I am no expert, but why do you think a multi-layer conv net should work? I understand the weight sharing, to develop "ball detectors" at each position. but I don't see that anything beyond that level is useful: you are not trying to develop "higher order feature detectors" of combinations of features - you only have a single ball (unlike letters which you can view as constellations of strokes)
so now if you just needed the ball x,y position it is [excluding paddles ] more or less a linear function of the ball detector output.. so would think training directly for x,y would be straightforward.... the problem in the auto encoder setting is the decoding: given x,y the corresponding output (reconstructing the input image) is nonlinear
and why do you NEED to reduce it to a coordinate representation to input into your reinforcement learning anyway? I would have thought that the feature detector output would be good enough... because it is effectively just 1 of n encoding - ie very sparse.
Thanks for you answer! I updated the question with more info on the experiment and also the final goal of my project. I'm trying to prove that we do not need any more supervision than the pure images in order to learn how to play the game with reinforcement learning methods. The final goal is to have a camera looking at a monitor, and a robot arm controlling the player via keyboard or gamepad.
I do not actually need the x,y position, I just need basically a descriptor of the whole image that is very sparse but includes all the information. Each code unit will be used as a feature in my RL algorithm (e.g. Q-learning), and thus this number should be as small as possible, as each code unit gives me another dimension to the learning problem. It does not need to be humanly readable, as I will extract the information I need with another, shallow neural net.
How would you propose I use the feature detector output to describe the whole input? I would have to check for the feature at every position, which would give me a very large code.
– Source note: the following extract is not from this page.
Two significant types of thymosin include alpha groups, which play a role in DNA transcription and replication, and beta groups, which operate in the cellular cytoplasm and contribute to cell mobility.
Or maybe I misunderstand you.
So if I understand your image, the conv layer architecture would be required to memorise the different maze configurations- ie it makes sense to me for that problem.
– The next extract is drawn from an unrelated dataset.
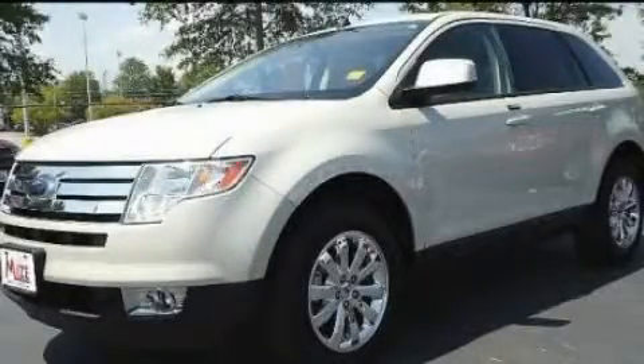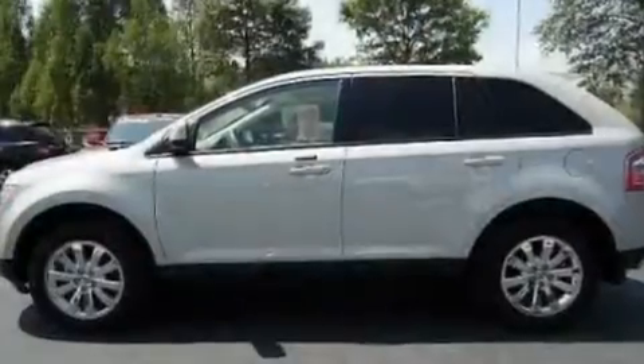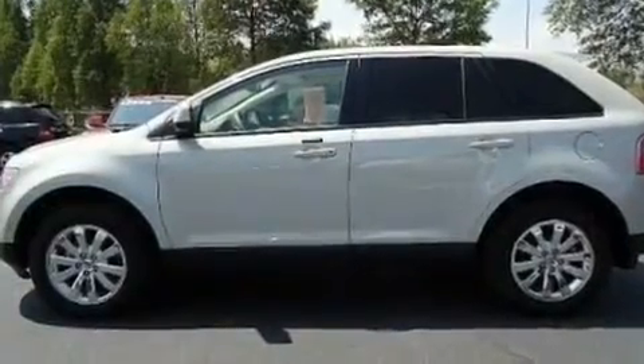This is a 2007 Ford Edge, functional utility for a modern lifestyle. It has a 3.5-liter six-cylinder engine and an automatic transmission.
By sparse (I mean/is meant) that only a few inputs are ever active at any one time (not that there are only few inputs). the curse of dimensionality basically depends on possible input combinations not the actual number of inputs. eg if you have 100 inputs of which only the first ever changes you do no have a 100 dimensional problem. similarly here if you have a 100 binary inputs (10 by 10) but only one of 100 is ever on, then there is no problem- your complete space is just 100 points versus 2^100 if you can have every combination ...
I think it might be helpful if you imagine hand coding an NN to play pong... I believe it would be easier to separately learn a movement for every combination of x,y (ie from the 100 inputs) than from the actual x,y...in SVMS thats what the kernel trick is all about :projecting into a high dimensional space in which all you need is a linear classifier). Hopefully you have thought about the game more than me and know what the true response should be... to me pong seems quite non linear in (x,y) ball position (because of all the bouncing off the walls) so getting the x,y representation will actually be a step backwards.